When America is no longer obviously firmly supporting our democratic allies, that is a signal to our enemies that, okay, now you can unleash the dogs of war.
So Trump's support for Israel was absolutely critical for the Abraham Accords, which amazingly brought this peace between The Israelis and the Gulf Sunni Arabs.
I mean, many people thought that wasn't even possible.
But it's that no daylight policy that is so conducive to peace.
Whereas you saw, you know, Obama and really Biden to an extent, you know, oh, do we want to give the Israelis weapons?
Do we want to twist their arm?
Do we want to try to get some Iran deal?
That is so provocative.
That is like a recipe for war.
And so, you know, maybe some people get frustrated with various allies of ours.
But you got to realize that, you know, like in a family, you know, dealing with outsiders, like you kind of keep the family business on the inside.
And to the outsiders who, you know, could don't wish your family harm, who wish your family harm, you show solidarity.
And it was just fascinating.
I mean, just recently, Anthony Blinken admitted, the Secretary of State under Biden just admitted that the more The Biden administration pressured Hamas to release these hostages in Gaza, that the more reluctant Hamas was to release them.
I mean, that's a stunning admission, but it goes right to this point that with your allies, you hold them really close.

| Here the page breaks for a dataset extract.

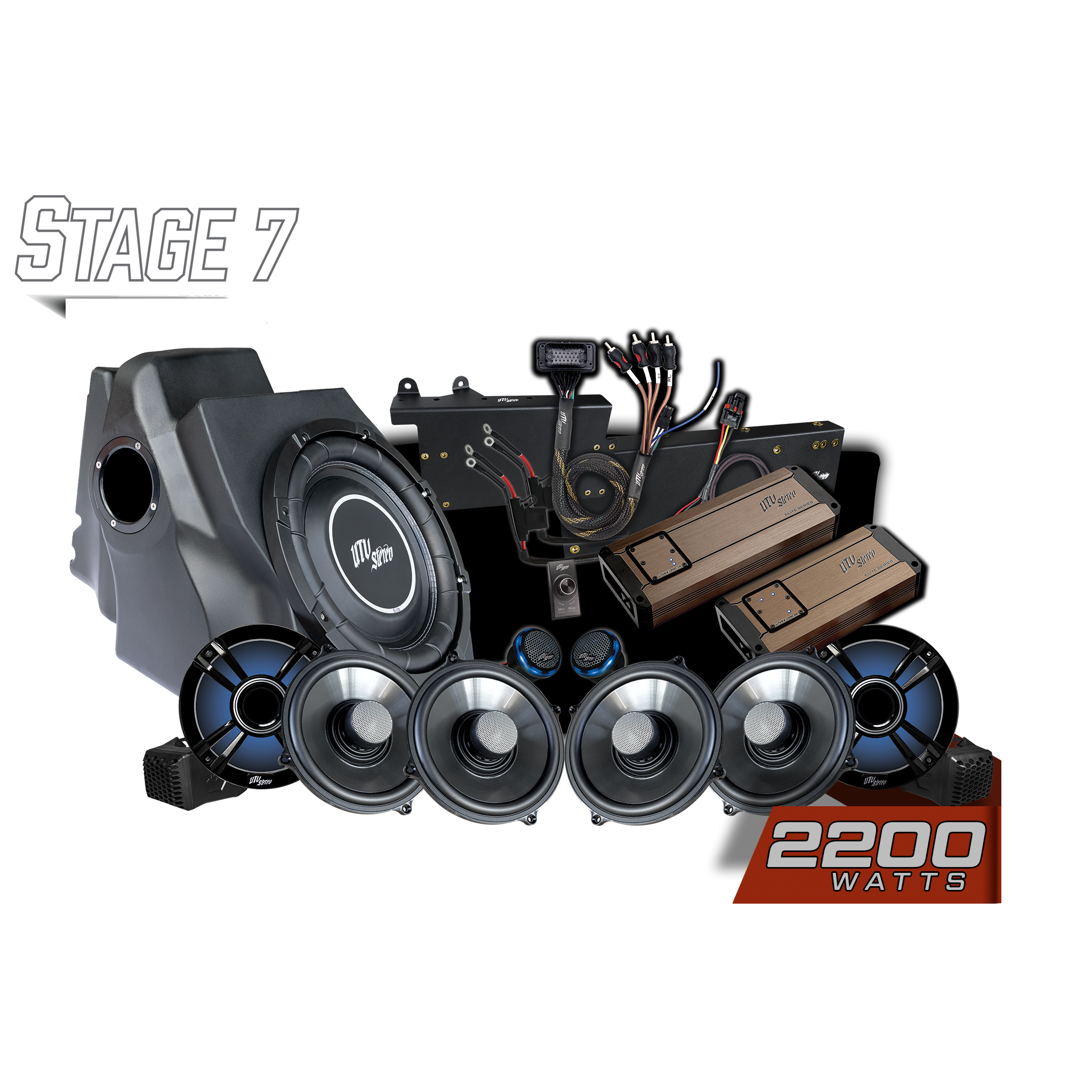 '25-'26 RZR® Pro Series Ride Command® Stage 7 Stereo Kit | UTVS-PRO2-S7-RC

That doesn't mean that you don't have disagreements, but you don't allow that daylight to be exploited by these authoritarian, horrific regimes, you know, whether it's China or whether it's the Iranians and, you know, Al Qaeda, ISIS, you know, whomever.
You keep your democratic allies close.
So you kind of mentioned the peace through strength aspect.
And I would say this, you know...
In large part, I really liked Trump's foreign policy.
I'd agree with you that he didn't start any new wars, but at the same time, you know, he talked a tough game against Saudi Arabia.
He gets in there, cuts a $400-plus billion arms deal.
I'm not in love with what's going on.
In Yemen.
But at the same time, he was the first guy in my generation to ever talk about the military-industrial complex and name it by name.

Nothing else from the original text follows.